What needs to be done: Type the listing below out again exactly. No images.
[[ Data extract, beginning ]]
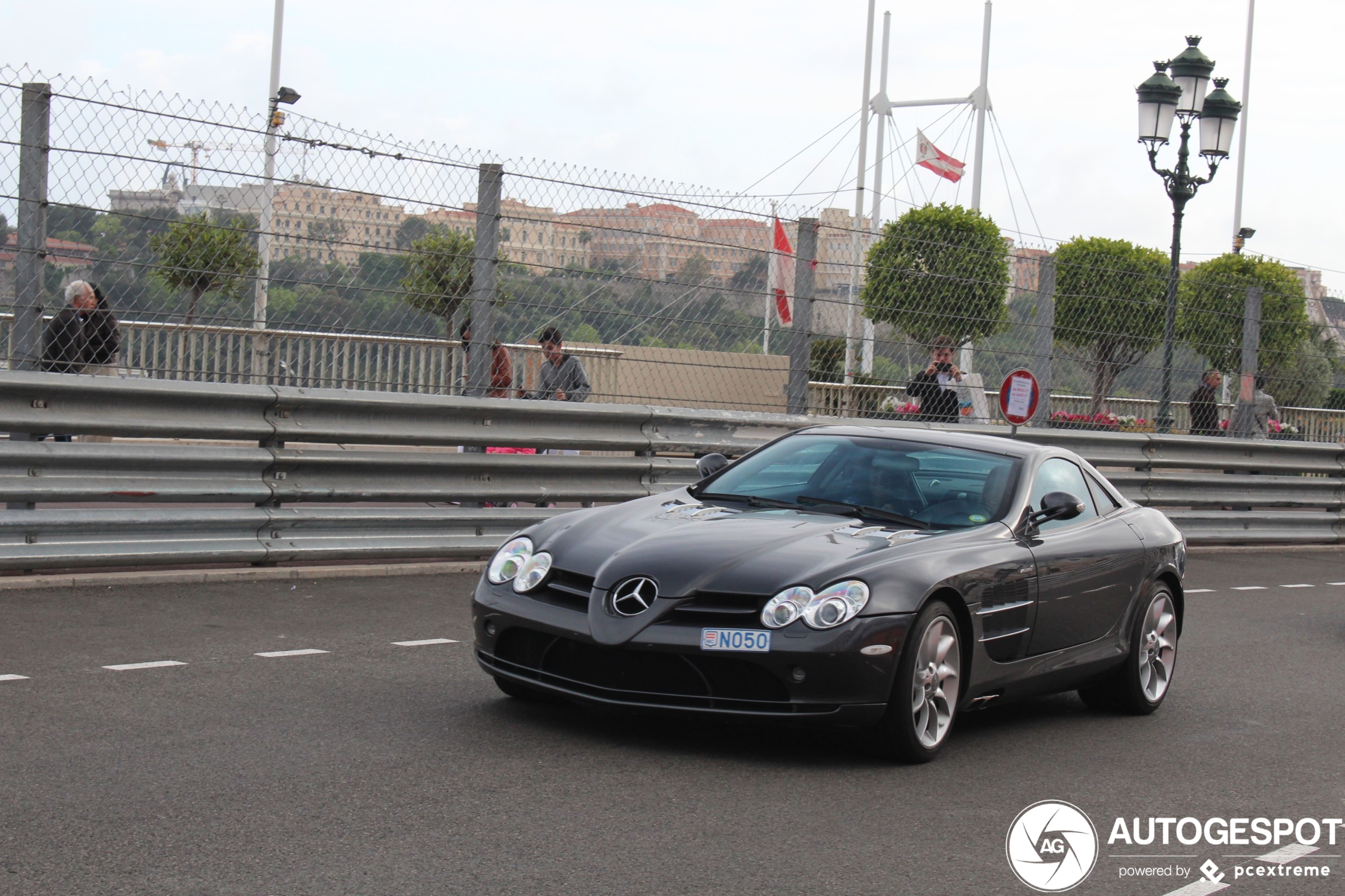 Mercedes-Benz SLR McLaren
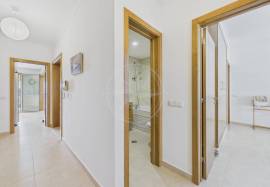 Tavira 2 bedroom top floor apartment with open sea & country views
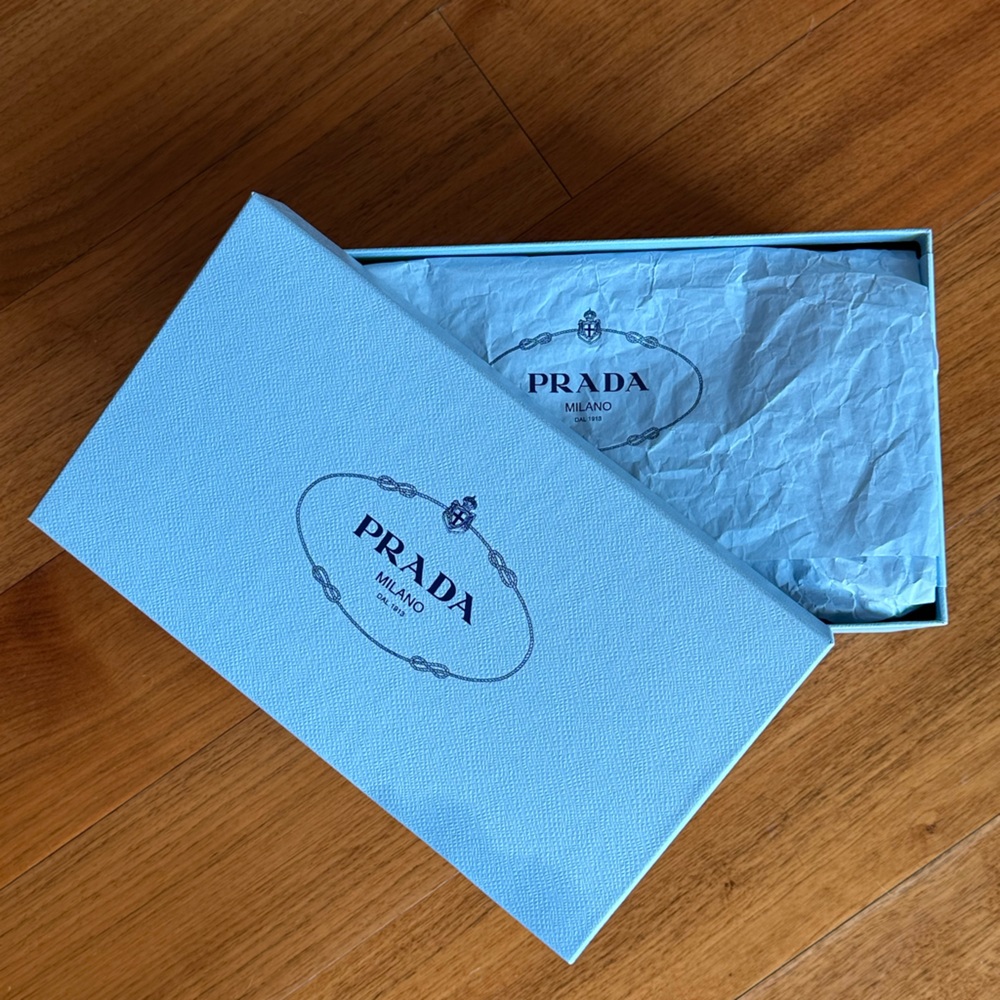 Prada flats - Picture 7 of 16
[[ Data extract, end ]]
Output for this exercise:
 Mercedes-Benz SLR McLaren
 Tavira 2 bedroom top floor apartment with open sea & country views
 Prada flats - Picture 7 of 16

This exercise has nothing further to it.